The results: whatever actually happens, and how good it actually is. There's not really a verb associated with this - you can't just make something as good as it can possibly be (not even "in expectation" - you can only optimize proxies in expectation!). But it still seems like there's a loose sense in which you can be aiming for optimality.

Off the top of my head, there are a few ways proxy optimization can hurt, and most of them seem to come down to "better optimizing a worse proxy". You could deliberately alter the problem so that it is tractable for proxy optimization, you could just invest too much in proxy optimization vs trying to construct a good proxy. This seems to roughly agree with your advice: investing lots in proxy optimization is particularly beneficial when the proxy is already pretty good, or when it will reveal very large differences in prospective plans (which are unlikely to be erased by considering a better proxy). I actually feel that some caution might be needed in the setting where there are apparently many orders of magnitude between the value of different plans (according to a proxy) - something like, if the system is apparently so sensitive to the things you are taking into account, then there's reason to believe it might also be quite sensitive to the things you're not taking into account.

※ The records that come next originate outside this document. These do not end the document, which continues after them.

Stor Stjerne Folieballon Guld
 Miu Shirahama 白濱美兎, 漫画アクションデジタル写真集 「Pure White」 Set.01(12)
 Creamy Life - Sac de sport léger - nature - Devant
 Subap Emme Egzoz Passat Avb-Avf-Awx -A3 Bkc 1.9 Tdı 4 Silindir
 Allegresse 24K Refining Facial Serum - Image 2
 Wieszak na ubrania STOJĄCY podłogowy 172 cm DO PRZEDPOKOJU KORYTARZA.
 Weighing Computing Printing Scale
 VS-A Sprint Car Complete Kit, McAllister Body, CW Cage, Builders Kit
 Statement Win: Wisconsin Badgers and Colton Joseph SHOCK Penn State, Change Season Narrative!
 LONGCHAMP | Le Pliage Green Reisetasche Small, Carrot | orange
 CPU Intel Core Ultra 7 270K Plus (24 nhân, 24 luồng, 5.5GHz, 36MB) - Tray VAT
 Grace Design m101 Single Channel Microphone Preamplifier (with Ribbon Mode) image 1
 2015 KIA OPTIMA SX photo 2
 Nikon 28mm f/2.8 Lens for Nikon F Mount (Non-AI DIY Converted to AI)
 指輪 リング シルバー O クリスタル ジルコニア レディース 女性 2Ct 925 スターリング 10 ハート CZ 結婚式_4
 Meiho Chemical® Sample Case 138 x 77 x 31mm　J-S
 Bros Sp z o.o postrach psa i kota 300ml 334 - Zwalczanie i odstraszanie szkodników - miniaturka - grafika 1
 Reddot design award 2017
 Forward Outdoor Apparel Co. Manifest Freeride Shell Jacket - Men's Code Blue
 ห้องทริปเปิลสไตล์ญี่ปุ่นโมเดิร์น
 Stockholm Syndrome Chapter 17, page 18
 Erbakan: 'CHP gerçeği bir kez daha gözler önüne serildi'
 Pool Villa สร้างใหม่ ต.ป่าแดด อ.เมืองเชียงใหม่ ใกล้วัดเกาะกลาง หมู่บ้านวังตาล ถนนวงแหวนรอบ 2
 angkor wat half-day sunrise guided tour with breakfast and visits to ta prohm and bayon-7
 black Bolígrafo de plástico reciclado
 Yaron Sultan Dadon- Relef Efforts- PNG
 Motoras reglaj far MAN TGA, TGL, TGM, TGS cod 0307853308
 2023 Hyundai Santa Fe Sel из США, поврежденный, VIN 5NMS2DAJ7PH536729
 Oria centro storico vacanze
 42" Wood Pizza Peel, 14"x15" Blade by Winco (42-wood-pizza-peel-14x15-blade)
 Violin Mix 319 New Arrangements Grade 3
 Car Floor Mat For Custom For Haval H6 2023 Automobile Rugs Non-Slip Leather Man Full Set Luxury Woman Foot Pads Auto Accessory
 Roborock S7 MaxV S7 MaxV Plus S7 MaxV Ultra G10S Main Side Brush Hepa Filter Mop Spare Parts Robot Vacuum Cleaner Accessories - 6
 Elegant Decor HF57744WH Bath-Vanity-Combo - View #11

If you think of thinking as generating a bunch of a priori datapoints (your thoughts) and trying to find a model that fits those data, we can use this to classify some overthinking failure-modes. These classes may overlap somewhat.

  1. You overfit your model to the datapoints because you underestimate their variance (regularization failure).
  2. Your datapoints may not compare very well to the real-world thing you're trying to optimize, so by underestimating their bias you may make your model less generalizable out of training distribution (distribution mismatch).
  3. If you over-update on each new datapoint because you underestimate the breadth of the landscape (your a priori datapoints about a thing may be a very limited distribution compared to the thing-in-itself), you may prematurely descend into a local optima (greediness failure).

I'm afraid that I don't remember the specific name nor the specific formula (and a cursory Google search hasn't been able to job my memory), but there is also the concept within operations management of not optimizing a system too much, because that decreases effectiveness. If my memory serves, you can roughly think of it that if you are too highly optimized, your system is rigid/fragile and lacks the slack/flexibility to deal with unexpected but inevitable shocks.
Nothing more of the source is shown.